A Hong Kong si protesta ancora
Nonostante la sospensione dell'emendamento sull'estradizione, decine di migliaia di persone sono scese in strada contro la leader Carrie Lam e la Cina
Nonostante la decisione di ieri del governo di Hong Kong di sospendere il contestato emendamento sull’estradizione in Cina, oggi decine di migliaia di persone sono scese in strada per manifestare. Il tentativo della leader di Hong Kong, Carrie Lam, di disinnescare le proteste non è andato quindi a buon fine; alcuni oppositori ora chiedono le sue dimissioni. Molti la accusano di non aver chiesto scusa per le violenze della polizia, che durante le proteste hanno portato al ferimento di 81 persone, e per l’arresto di 11 manifestanti; sospettano anche che la sospensione sia solo una tattica per indebolire l’opposizione e che l’intenzione di Lam sia di riproporre l’emendamento in autunno.

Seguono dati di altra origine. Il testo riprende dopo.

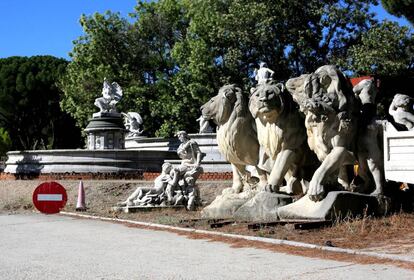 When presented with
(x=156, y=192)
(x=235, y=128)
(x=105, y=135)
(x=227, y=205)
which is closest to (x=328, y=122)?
(x=235, y=128)

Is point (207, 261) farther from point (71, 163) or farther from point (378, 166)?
point (71, 163)

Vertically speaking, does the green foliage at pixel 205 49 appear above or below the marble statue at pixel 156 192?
above

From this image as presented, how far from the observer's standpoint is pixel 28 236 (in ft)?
34.9

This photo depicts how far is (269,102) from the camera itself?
36.4 ft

Le proteste sono iniziate di mattina a Victoria Square, la piazza più importante della città; molti erano vestiti di nero e reggevano cartelli in cui accusavano la Cina di uccidere gli abitanti di Hong Kong. Alcuni portavano fiori bianchi come segno di lutto per un manifestante, morto sabato nel tentativo di appendere uno striscione di protesta su una montagna. Non ci sono ancora stime ufficiali ma gli organizzatori parlano di un milione di persone, come già accaduto domenica scorsa. Anche a Taiwan, nella capitale Taipei, alcuni studenti hanno manifestato a sostegno di Hong Kong e contro l’ingerenza cinese.

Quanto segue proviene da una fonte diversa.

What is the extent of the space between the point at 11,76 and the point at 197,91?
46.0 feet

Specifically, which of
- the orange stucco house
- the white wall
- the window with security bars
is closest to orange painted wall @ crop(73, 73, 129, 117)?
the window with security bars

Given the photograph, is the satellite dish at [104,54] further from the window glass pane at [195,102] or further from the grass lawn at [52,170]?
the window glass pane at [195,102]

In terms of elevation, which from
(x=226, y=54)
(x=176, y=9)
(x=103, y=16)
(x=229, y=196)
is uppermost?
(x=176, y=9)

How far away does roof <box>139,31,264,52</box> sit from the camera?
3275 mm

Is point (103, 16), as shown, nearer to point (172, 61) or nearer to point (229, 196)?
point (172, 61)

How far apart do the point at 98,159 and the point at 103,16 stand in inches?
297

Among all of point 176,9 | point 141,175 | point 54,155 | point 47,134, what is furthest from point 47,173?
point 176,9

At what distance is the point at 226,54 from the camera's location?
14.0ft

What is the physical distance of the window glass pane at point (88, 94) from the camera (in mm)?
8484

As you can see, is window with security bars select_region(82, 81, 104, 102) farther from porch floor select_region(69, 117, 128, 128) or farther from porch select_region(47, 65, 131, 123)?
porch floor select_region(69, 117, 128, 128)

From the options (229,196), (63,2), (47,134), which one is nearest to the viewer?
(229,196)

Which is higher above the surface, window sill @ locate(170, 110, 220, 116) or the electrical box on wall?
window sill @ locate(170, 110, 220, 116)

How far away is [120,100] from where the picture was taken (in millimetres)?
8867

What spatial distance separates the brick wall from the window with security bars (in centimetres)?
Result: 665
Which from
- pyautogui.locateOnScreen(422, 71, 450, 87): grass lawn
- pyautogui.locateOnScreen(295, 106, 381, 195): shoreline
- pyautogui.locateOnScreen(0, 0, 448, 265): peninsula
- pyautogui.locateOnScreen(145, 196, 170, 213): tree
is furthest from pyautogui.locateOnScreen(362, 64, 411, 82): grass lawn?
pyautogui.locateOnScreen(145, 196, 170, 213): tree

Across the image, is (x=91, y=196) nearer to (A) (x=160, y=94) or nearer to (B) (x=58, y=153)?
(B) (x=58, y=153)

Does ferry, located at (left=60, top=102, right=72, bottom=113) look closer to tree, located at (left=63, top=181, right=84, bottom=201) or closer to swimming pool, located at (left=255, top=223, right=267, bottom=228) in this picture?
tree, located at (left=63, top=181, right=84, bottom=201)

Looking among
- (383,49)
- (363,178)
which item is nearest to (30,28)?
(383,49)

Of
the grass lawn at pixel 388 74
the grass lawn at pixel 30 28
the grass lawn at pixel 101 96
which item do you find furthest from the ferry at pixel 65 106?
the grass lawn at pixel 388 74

Molti commentatori si sono interrogati sul futuro di Lam, che si trova nel mezzo dell’insoddisfazione dei cittadini e quasi certamente del governo cinese. Emily Lau, attivista ed ex leader del Partito Democratico di Hong Kong, ha detto a BBC che «Pechino è molto arrabbiata con Carrie Lam, e la considera un’inetta. Quindi penso che sia in grave pericolo».

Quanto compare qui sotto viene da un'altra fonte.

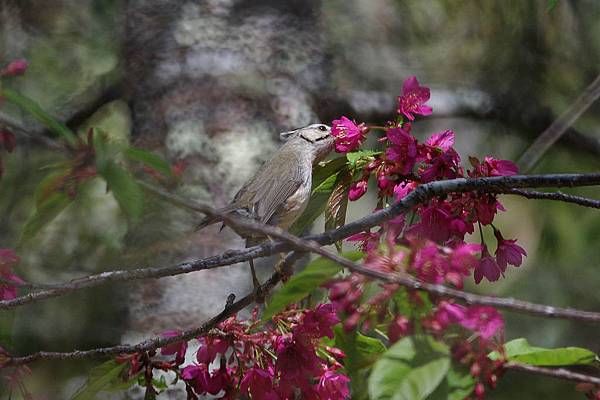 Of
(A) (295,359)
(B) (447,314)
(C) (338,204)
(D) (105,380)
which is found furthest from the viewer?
(C) (338,204)

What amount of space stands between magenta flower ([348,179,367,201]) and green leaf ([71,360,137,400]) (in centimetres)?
45

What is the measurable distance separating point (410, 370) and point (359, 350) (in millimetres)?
259

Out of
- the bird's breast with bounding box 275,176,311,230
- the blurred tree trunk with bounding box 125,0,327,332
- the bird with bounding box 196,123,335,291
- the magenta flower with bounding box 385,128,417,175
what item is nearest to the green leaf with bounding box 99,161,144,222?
the magenta flower with bounding box 385,128,417,175

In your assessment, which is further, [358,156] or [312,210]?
[312,210]

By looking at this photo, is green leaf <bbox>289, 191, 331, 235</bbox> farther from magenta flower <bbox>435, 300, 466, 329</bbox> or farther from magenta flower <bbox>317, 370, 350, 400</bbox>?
magenta flower <bbox>435, 300, 466, 329</bbox>

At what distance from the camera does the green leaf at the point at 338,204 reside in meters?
1.42

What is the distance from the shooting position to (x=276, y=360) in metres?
1.24

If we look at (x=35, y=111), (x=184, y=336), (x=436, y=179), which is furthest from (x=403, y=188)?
(x=35, y=111)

L’emendamento avrebbe consentito di estradare nella Cina continentale, a Taiwan e Macao, le persone accusate di avere commesso reati gravi come omicidio e stupro; secondo gli oppositori, però, avrebbe esposto di più Hong Kong al problematico e illiberale sistema giudiziario cinese, che utilizza spesso pretestuosamente accuse come queste per minacciare i dissidenti, con la conseguenza di ridurre l’autonomia della città-isola che fino al 1997 era controllata dal Regno Unito.